There is a comfortable fiction in the current wave of AI tooling: that meaning is something you extract. Point a model at a pile of documents, ask it to pull out the entities and relationships, and out comes structure, clean, queryable, ready for retrieval. I led the build of an ontology generator for a government context, turning sprawling written content into structured knowledge for discovery, governance, classification, and yes, the kind of retrieval that feeds AI systems. The single most useful thing I learned is that meaning is not extracted. It is decided. And deciding is the hard, human, contestable part that no amount of model capability removes.
Structure is a claim about the world
An ontology is a set of decisions about what is the same, what is different, and what is allowed to be true at once. That is not a data problem. That is an argument, written down precisely enough to execute.
When you build an ontology over real organisational content, you are not describing the world as it is. You are making claims about it. You are saying these two terms refer to the same thing, even though three different departments spell it three different ways and mean subtly different things by it. You are saying this concept is a kind of that concept, which sounds innocent until you realise someone's funding, or someone's accountability, depends on those two things being kept apart.

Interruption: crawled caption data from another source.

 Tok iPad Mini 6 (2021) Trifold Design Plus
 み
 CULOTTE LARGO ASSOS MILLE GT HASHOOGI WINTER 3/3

The naive version of this work treats it as deduplication and tagging. The real version is closer to diplomacy. Government content in particular is written by many hands over many years under many regimes of guidance, and the inconsistencies are not noise to be cleaned away. They are fossils of genuine disagreement about what things are. When the model 'helpfully' collapses two near-identical concepts, it is not tidying. It is taking a side in an argument it does not know it is having.

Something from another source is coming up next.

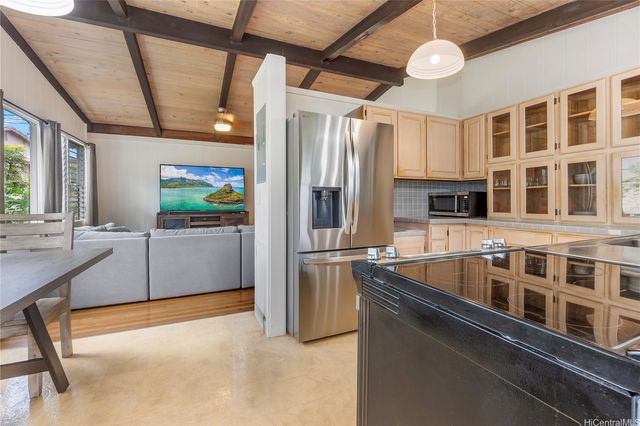 45-822 Paleka Place, Kaneohe, HI 96744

So the design principle I kept returning to was: the system proposes, but the structure has to be defensible. Every merge, every is-a relationship, every classification needs to be something a person can look at and say yes, that is a claim we are willing to stand behind, with the evidence that supports it sitting right there. An ontology you cannot defend is not knowledge. It is a confident guess wearing a schema.
Generation is the easy 80 percent
Large models are genuinely good at the first pass. Given a corpus, they will surface candidate concepts, propose hierarchies, and find relationships a human reviewer would take weeks to spot. If I had been doing this work a decade earlier, that first pass would have been the bulk of the labour. Now it is close to free. That changes where the value is, and it is not where the demos point.

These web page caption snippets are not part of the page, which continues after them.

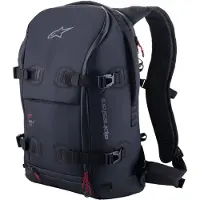 Alpinestars Amp-7 Rygsæk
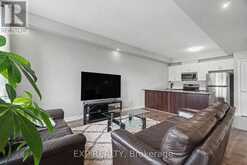 208 LIEBE TERRACE | Ottawa Ontario | Slide Image Fourteen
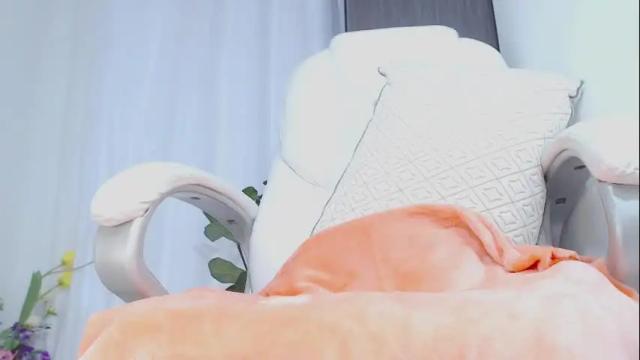 Image 12 of kally_higgins Stream on Chaturbate on 2 months ago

The value is in the disciplined back half: the review, the disambiguation, the boundary cases, the deliberate refusal to assert a relationship the evidence does not support. A generation step that produces a thousand plausible relationships is not a thousand units of progress. It is a thousand things that now need adjudication, and if you cannot adjudicate them at the rate you generate them, you have just built a faster way to accumulate unverified claims. I came to think of the model's output as a hypothesis queue, not a result.
The practical consequence is that I designed the pipeline around human throughput, not model throughput. The bottleneck was never how fast we could propose structure. It was how fast a knowledgeable person could confirm or reject it without losing the thread. So the interesting engineering went into making each decision cheap and well-framed: showing the proposed relationship next to the source text that justified it, clustering similar decisions so a reviewer could rule on a pattern rather than a thousand instances, and making rejection as easy and as recorded as acceptance. Build for the reviewer, because the reviewer is the actual scarce resource.
Why this matters more in the RAG era, not less
There is a story going around that retrieval-augmented generation makes formal knowledge structure obsolete. Just embed everything, retrieve by similarity, let the model sort it out. I understand the appeal and I think it is exactly backwards for serious domains. Similarity search is wonderful at finding things that look related. It is indifferent to whether they should be treated as the same, and that indifference is precisely the thing that gets you in trouble when the stakes are governance and discovery rather than a chatbot's vibe.
A well-built ontology is what lets a retrieval system know that two differently-worded passages are about the same governed concept, or, just as importantly, that two similar-sounding passages are emphatically not. It encodes the distinctions that matter to the institution, the ones that no amount of vector proximity will recover because they were never about surface form in the first place. Structure is how you stop a system from being confidently, fluently wrong about what a thing is.
The lesson generalises beyond government and beyond ontologies. As models get better at producing plausible structure, the scarce and valuable skill is judgement about whether that structure is true and defensible. The machine can draft the argument. Someone still has to be willing to sign it.